- Born: 21 September 1956 Paramaribo
- Died: 1 December 2017 (aged 61)
- Known for: 1980 Surinamese coup d'état

= Ruben Rozendaal =

Surinamese soldier

Ruben Rozendaal (21 September 1956 – 1 December 2017) was a Surinamese soldier who was involved in the military coup of 1980 in Suriname and suspected in the December murders.

==Events==
According to the statement of Fred Derby, union leader and the only survivor of the December murders, Rozendaal was one of the four soldiers who retrieved Derby from his home on the night of 7 to 8 December 1982.

In 2012, Rozendaal said that in the 1980s and early 1990s, Dési Bouterse supplied the FARC of Colombia with weapons in exchange for cocaine.

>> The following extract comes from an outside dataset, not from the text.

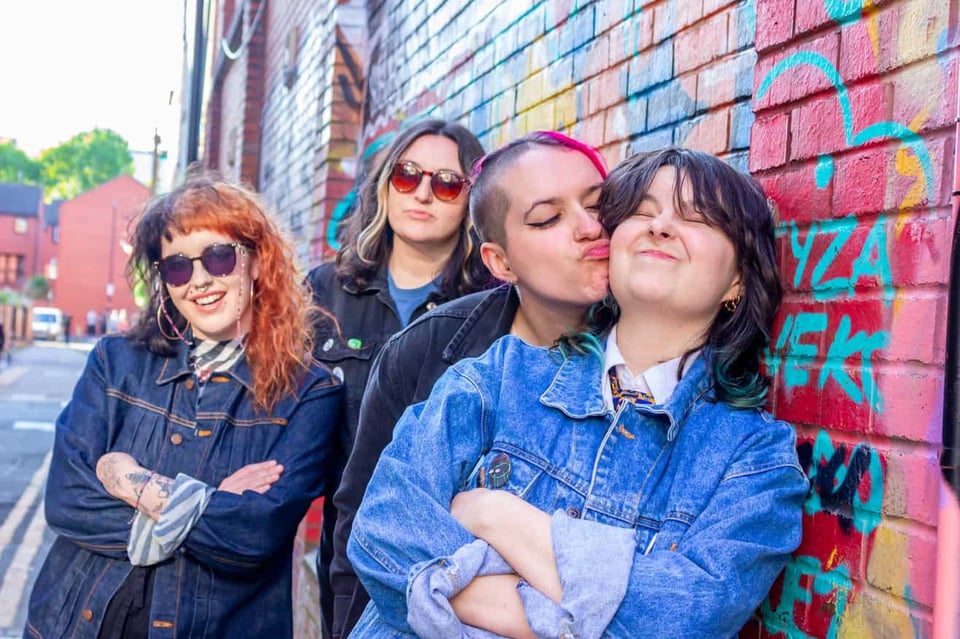 Four young people standing next to a wall covered with colorful graffiti. They are all wearing jeans jackets. One of them is smushing her face against another one's face and they are both squinting and making faces.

A leaked diplomatic cable from 2006 reported a possible connection between Bouterse and the FARC. Rozendaal mentioned that:

"I saw him at half past five in the morning on December 8. (...) He lied to us that a coup would take place, and the people therefore had to be picked up. I believed him then, but in retrospect it turns out not to be true. This was not a military action, just brutal and cowardly murder. The people were taken out of bed and to Fort Zeelandia and were treated like animals."

On 30 October 2017, Rozendaal was charged with 10 years for murder. On 1 December, Rozendaal committed suicide.